First attempt is to apply a driver perspective where you search on a driver name plus class, club, event etc. and get a hit list. With help of the highlight function in the elasticsearch API the full driver name are added to the result data and can be displayed together with the search result.

I will use a Java web application running on JBoss AS with JFS and Richfaces to build the web client. After trying to do the object relation mapping from JSON search result into a POJO by hand (why do I always start down that road? Its 2014 now) I found Google GSON and it work like a charm. Just add the dependecy to the pom file:

<dependency>
    <groupId>com.google.code.gson</groupId>
    <artifactId>gson</artifactId>
    <version>1.7.1</version>
</dependency>

And in code

1
2
Gson gson = new Gson();
EventResult raceResult = gson.fromJson(hit.getSourceAsString(), EventResult.class);

Java client API

The elasticsearch project provide a Java API and the dependency shall be added to the pom file

<dependency>
    <groupId>org.elasticsearch</groupId>
    <artifactId>elasticsearch</artifactId>
    <version>1.0.1</version>
</dependency>

The connection from the application to the elasticsearch server was implemented as an application scoped bean. The bean are injected in search beans and handle client creation and closing.
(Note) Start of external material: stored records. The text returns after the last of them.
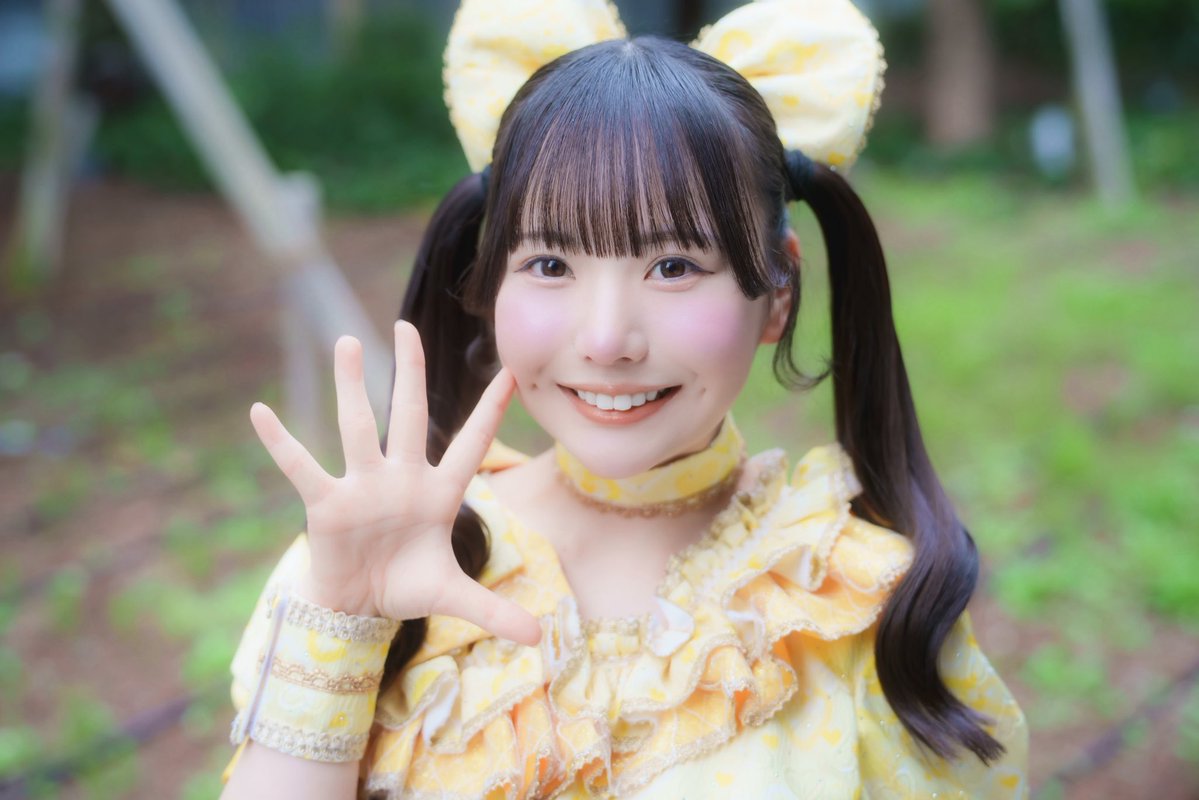 Touka_nonfic's tweet photo. ♡誕生日迎えました♡ https://t.co/D8RmSPwMDt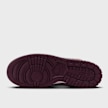 Nike Dunk Low Jumbo bruin 29776 3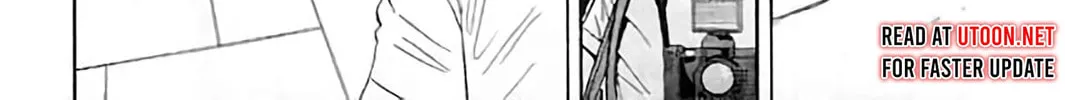 KING GOLF Chapter 178 page 34 - 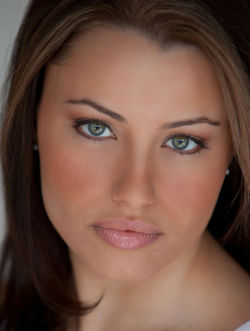 natural+lite+fix+pro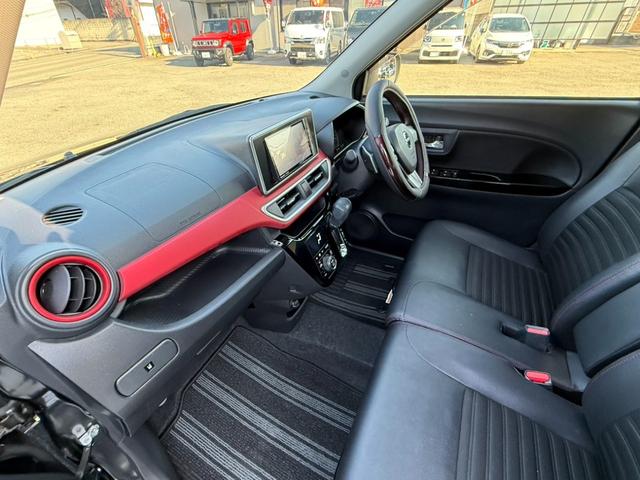 �܂��͂��C�y�Ƀt���[�_�C�����܂ŁI�O�O�V�W�U�O�S�T�U�P�X�R���q�l�̂��d�b�ԍ��͒ʒm����܂���B���ԂP�O�F�O�O�`�P�X�F�O�O�ł��B�������^��_�Ȃǂǂ�Ȃ��Ƃł����\�ł��̂ł��C�y�ɂ��d�b��������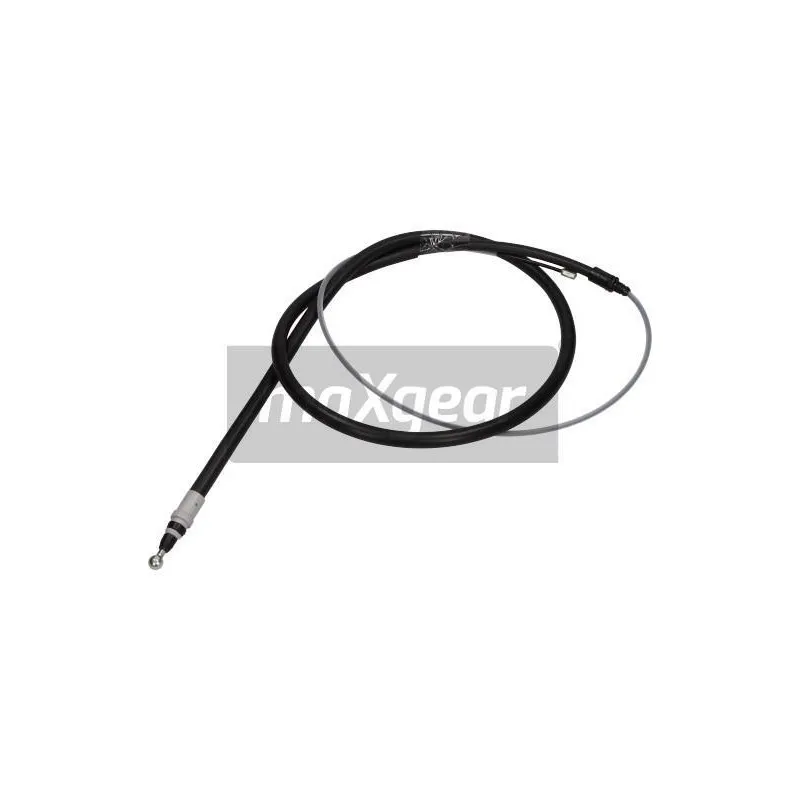 Tirette à câble, frein de stationnement MAXGEAR 32-0382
Observe that the Java client connect to port 9300 and not to 9200 that the web based client use.

Client provider bean

1
2
3
4
5
6
7
8
9
10
11
12
13
14
15
16
17
18
19
20
21
22
23
@ApplicationScoped
public class ElasticSearchClient {
 
   private Client client;
 
   public Client getClient(){
      return client;
   }
 
   @PostConstruct
   public void init() {
      Settings s = ImmutableSettings.settingsBuilder().put("cluster.name", "elasticsearch").build();
      TransportClient tmp = new TransportClient();
      tmp.addTransportAddress(new InetSocketTransportAddress("ubuntu-01", 9300));
      client = tmp;
   }
 
   @PreDestroy
   public void destroy() {
      client.close();
      client = null;
   }
}

Searching

The QueryBuilder are used to set up the search query.

1
2
3
4
5
6
7
8
9
10
11
12
13
14
15
16
17
18
19
20
21
22
23
24
25
26
27
28
29
30
31
32
33
34
35
36
37
38
39
40
41
42
43
   public List findRaceResults(String searchString) {
      Gson gson = new Gson();
      List raceResults = new ArrayList();
      try {
         QueryBuilder queryBuilder = QueryBuilders.queryString(searchString).field("_all");
 
         SearchRequestBuilder searchRequestBuilder = clientElasticSearchClient.getClient().prepareSearch(INDEX_NAME);
         searchRequestBuilder.setTypes(RACE_TYPE_NAME);
         searchRequestBuilder.setSearchType(SearchType.DEFAULT);
         searchRequestBuilder.setQuery(queryBuilder);
         searchRequestBuilder.setFrom(0).setSize(20).setExplain(true);
         searchRequestBuilder.addSort("_score", SortOrder.DESC);
         searchRequestBuilder.addHighlightedField("driverName").addHighlightedField("className").addHighlightedField("clubName");
 
         SearchResponse response = searchRequestBuilder.execute().actionGet();
 
         if (response != null) {
            int documentCount = 0;
            for (SearchHit hit : response.getHits()) {
               EventResult raceResult = gson.fromJson(hit.getSourceAsString(), EventResult.class);
               raceResult.setId(hit.getId());
               raceResults.add(raceResult);
 
               documentCount++;
 
               for (String fieldName : hit.getHighlightFields().keySet()) {
                  HighlightField highlightField = hit.getHighlightFields().get(fieldName);
 
                  for (Text hitText : highlightField.getFragments()) {
                     raceResult.addHit(highlightField.getName(), hitText.string());
 
                  }
               }
            }
            log.info("Hits" + documentCount);
            return raceResults;
         }
 
      } catch (IndexMissingException ex){
         log.severe(ex.getMessage());
      }
      return null;
   }

Presentation

Search page

The search result page show the hits with highest score together with the highlight information.

Search

 

Document page

Result page

 

 

Wrap up

It have been very interesting to work with the elasticsearch server and it was far more easy than when I used Lucene only. Next project will be an attempt to make an ASP.NET web client.